TORONTO, March 01, 2021 (News) — Clairvest Group Inc. (TSX: CVG) today announced that the Toronto Stock Exchange has accepted a notice filed by Clairvest of its intention to make a new normal course issuer bid (“NCIB”). Clairvest’s current NCIB expires on March 6, 2021. The notice provides that the Corporation may, during the 12-month period commencing March 8, 2021 and ending March 7, 2022, purchase on The Toronto Stock Exchange up to 760,749 common shares in total, being approximately 5% of the outstanding common shares. The average daily trading volume for the six months ending February 28, 2021 was 637 common shares. Daily purchases will be limited to 1,000 common shares, other than block purchase exceptions. Any shares purchased will be cancelled. The price which the Corporation will pay for any such shares will be the market price at the time of acquisition. The actual number of common shares which may be purchased and the timing of any such purchases will be determined by the Corporation. In total 3,625,332 common shares at a cost of approximately $ 40.5 million have been purchased under previous normal course issuer bids. The Corporation purchased 33,800 common shares on the Toronto Stock Exchange, out of an approved maximum repurchase amount of 759,984 under its current bid within the last twelve months at a weighted average price of $49.37 per share. There were 15,214,987 common shares of the Corporation outstanding on February 28, 2021.
The Corporation believes, depending upon future price movements and other factors, that its outstanding common shares may represent an attractive investment and a desirable use of a portion of its available funds.

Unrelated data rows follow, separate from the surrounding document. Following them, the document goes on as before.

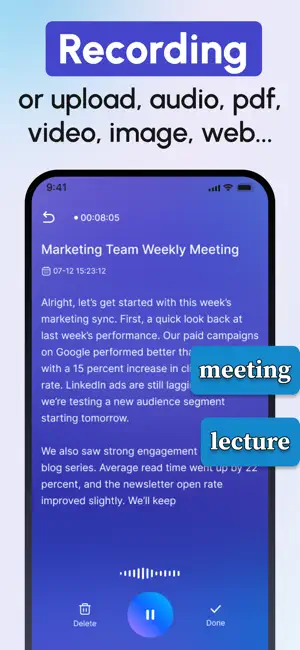 Notelyn: AI Lecture Note Taker screenshot 2
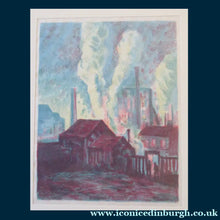 Load image into Gallery viewer, Original Colour Lithograph by Maximilien LUCE.  Factories (Usines) Published in Pan, Vol 4; 1898
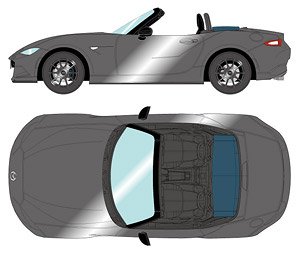 Mazda Roadster (ND) `990S` 2022 マシングレーメタリック (ミニカー)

Clairvest also announced today that, in connection with its NCIB, Clairvest has renewed its automatic share purchase plan (the “ASPP”) with a designated broker to allow for the purchase of its common shares under the NCIB, once effective, at times when Clairvest normally would not be active in the market due to applicable regulatory restrictions or internal trading black-out periods. Before the commencement of any internal trading black-out period, Clairvest may, but is not required to, instruct its designated broker to make purchases of Clairvest’s common shares under the NCIB during the ensuing black-out period in accordance with the terms of the ASPP. Such purchases will be determined by the broker in its sole discretion based on parameters established by Clairvest prior to commencement of the applicable black-out period in accordance with the terms of the ASPP and applicable TSX rules. Outside of these black-out periods, common shares will be purchasable by Clairvest at its discretion under its NCIB, once effective.
The ASPP will commence on the effective date of the NCIB and will terminate on the earliest of the date on which: (a) the maximum annual purchase limit under the NCIB has been reached; (b) the NCIB expires; or (c) Clairvest terminates the ASPP in accordance with its terms. The ASPP constitutes an “automatic securities purchase plan” under applicable Canadian securities laws.
Clairvest’s mission is to partner with entrepreneurs to help them build strategically significant businesses. Founded in 1987 by a group of successful Canadian entrepreneurs, Clairvest is a top performing private equity management firm with over CAD $2.5 billion of capital under management. Clairvest invests its own capital and that of third parties through the Clairvest Equity Partners limited partnerships in owner-led businesses. Under the current management team, Clairvest has initiated investments in 56 different platform companies and generated top quartile performance over an extended period.